In a per curiam opinion issued Wednesday, the high court granted transfer to the case of Virginia Garwood and Kristen Garwood v. State of Indiana, et al., 31S01-1710-CT-647 for a limited purpose: to vacate the portion of the Court of Appeals’ June opinion that addressed subject matter jurisdiction.

In that opinion, which was the most recent decision in the long-running puppy mill case, the appellate court found a $15,000 judgment against attorney Andrew Swain was not supported by sufficient evidence. Swain, who was formerly chief counsel for tax litigation in the Office of the Indiana Attorney General, used an “Al Capone” approach to take down an illegal puppy mill operation in Harrison County that resulted in Virginia and Kristen Garwood pleading guilty to felony tax evasion.
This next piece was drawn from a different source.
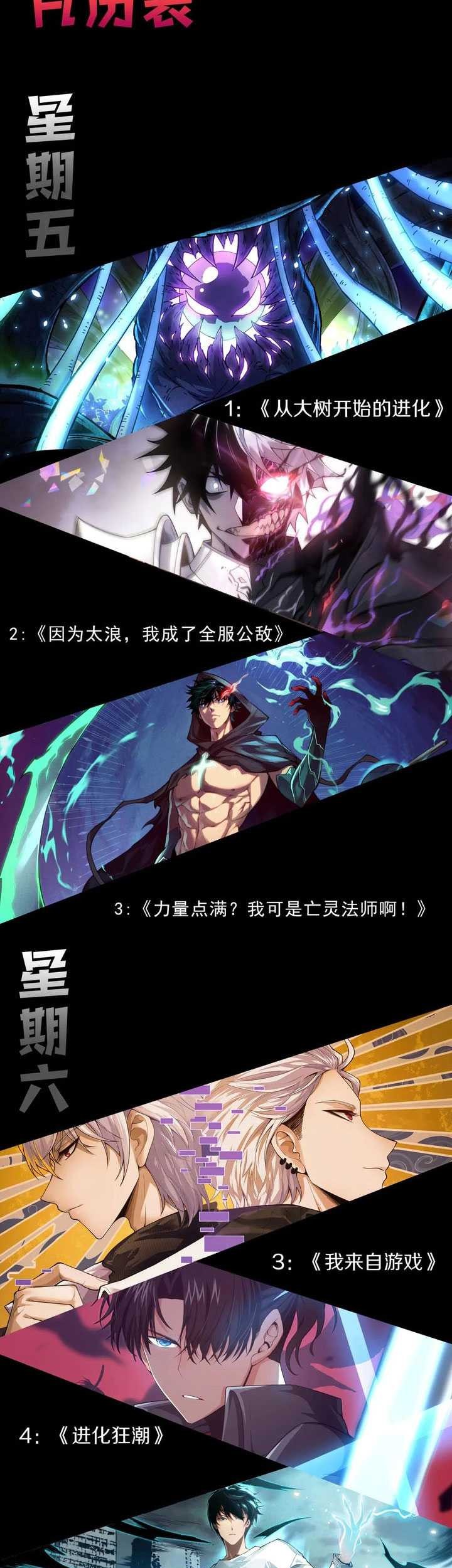 I Became The Game’s Biggest Villain Chapter 83 - halaman 46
The Garwoods successfully sought a compensatory verdict against Swain, but the appellate court overturned that verdict after clarifying that it, and not the Indiana Tax Court, had jurisdiction to hear the appeal. Specifically, Judge Paul Mathias wrote in a 59-page opinion that “neither the jurisdictional value of finality nor that of validity would be served by returning this case to the tax court to decide the constitutional and tort-law consequences of its earlier tax-law holding.”

In reaching that jurisdictional conclusion, the Court of Appeals cited the case of Garwood v. Indiana Department of State Revenue, 24 N.E.3d 548 (Ind. Tax Ct. 2014). However, that opinion was vacated by an Indiana Supreme Court published order issued on Feb. 8, 2016.

“Due to a clerical error, our Published Order was not sent to Thomson Reuters at that time,” the high court wrote in its per curiam opinion. “Therefore, when the Court of Appeals issued its opinion, the Published Order was not reported in the Northeastern Reporters or on Westlaw, which has since been corrected.”

“The Published Order resolved the issue of subject matter jurisdiction based on the parties’ representations at oral argument,” the court continued.

Thus, the justices vacated the portion of the Court of Appeals’ opinion that addressed subject matter jurisdiction, but summarily affirmed the remainder of the opinion.